Траутмэн еще ничего не сказал. Немногие полицейские, оставшиеся неподалеку, не могли смотреть на кровь. Но не он.
— Нет, только не вы, Траутмэн. Вас кровь не смущает. Вы привыкли.
Траутмэн не ответил, просто смотрел.
Кто–то из полицейских сказал:
— Может быть, Керн прав. Может быть, вам лучше не говорить.
— Эй, Траутмэн, а ведь я это сделал. Сказал, что сделаю, и сделал.
— О чем это он? — спросил полицейский. — Я не понимаю.

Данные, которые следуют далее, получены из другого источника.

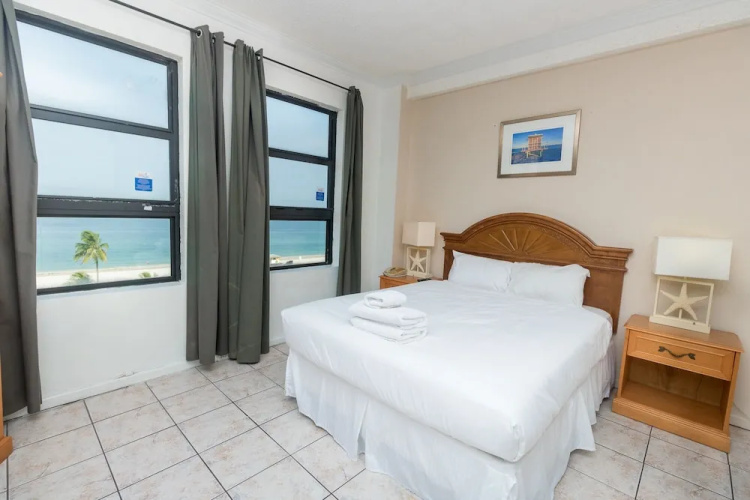 760 Ocean View Hollywood Beach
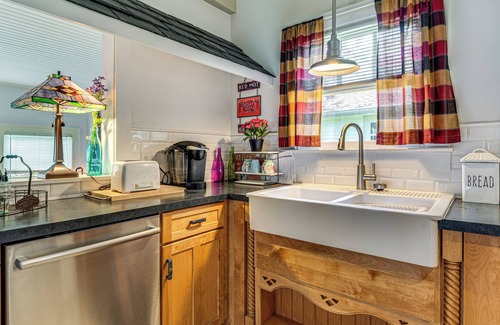 Speedway Casa | 1/2 Mi to Indy Motor Speedway: Home w/ Yard!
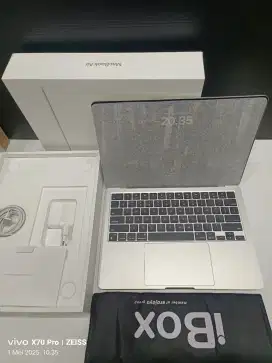 Macbook Air M2 15-iNci 8/256gb Garansi Resmi iBox sampe januari 2026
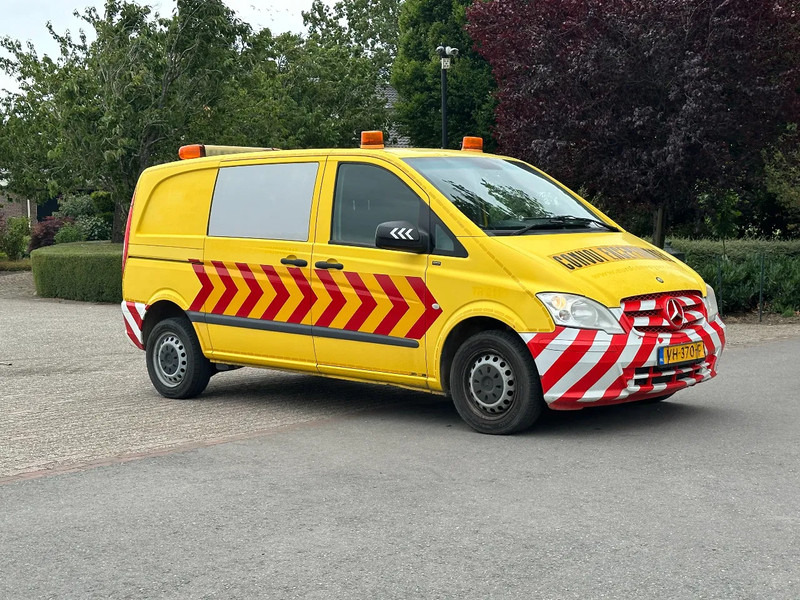 Mercedes-Benz Vito 113 CDI AUTOMAAT!!CONVOI EXCEPTIONNEL!!BEGELEIDINGSWAGEN!! - Mali kombi: slika 1 Mercedes-Benz Vito 113 CDI AUTOMAAT!!CONVOI EXCEPTIONNEL!!BEGELEIDINGSWAGEN!! - Mali kombi: slika 1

Траутмэн жестом велел ему замолчать.
— Я ведь говорил, что перехитрю его, разве нет? — Голос Тисла звучал по–детски. Ему это не понравилось, но он ничего не мог с собой сделать. — Он был здесь, сбоку крыльца, а я вон там, у того крыльца, и я чувствовал — он ждет, когда я выйду. Ваша школа хорошо его обучила, Траутмэн. Он делал в точности, как учили, поэтому я смог его перехитрить. — Его удивляло, что рана не болит, ничто не мешает ему говорить и слова льются ровным потоком. Ах да, это потому, что он умирает. — Я представил себе, что я — это он. Понимаете? Я думал о нем постоянно и теперь точно знаю, где он и что делает. И вот тогда я понял, чего он ждет: что я приду сзади, через двор, где деревья и темно, но уж никак не со стороны улицы, потому что там все освещено огнем пожара. Понимаете, Траутмэн? Ваша школа обучила его партизанским боям в гористой местности, и он инстинктивно повернул к деревьям и кустарнику. Но я, после того, что он сделал со мной в холмах, поклялся, что никогда не буду воевать на его условиях, только на моих. Помните, что я вам говорил? Это мой город. И я это сделал — перехитрил его, Траутмэн. Он получил мою пулю в грудь.
Траутмэн по–прежнему молчал. Он очень долго смотрел, потом показал на рану Тисла.
— Это? Вы об этом? Но я же говорил. Ваша школа хорошо его обучила. Боже мой, какая у него реакция.
Взрыв встряхнул, казалось, весь город, небо осветилось.
— Цистерны взорвались, — злобно пробормотал полицейский.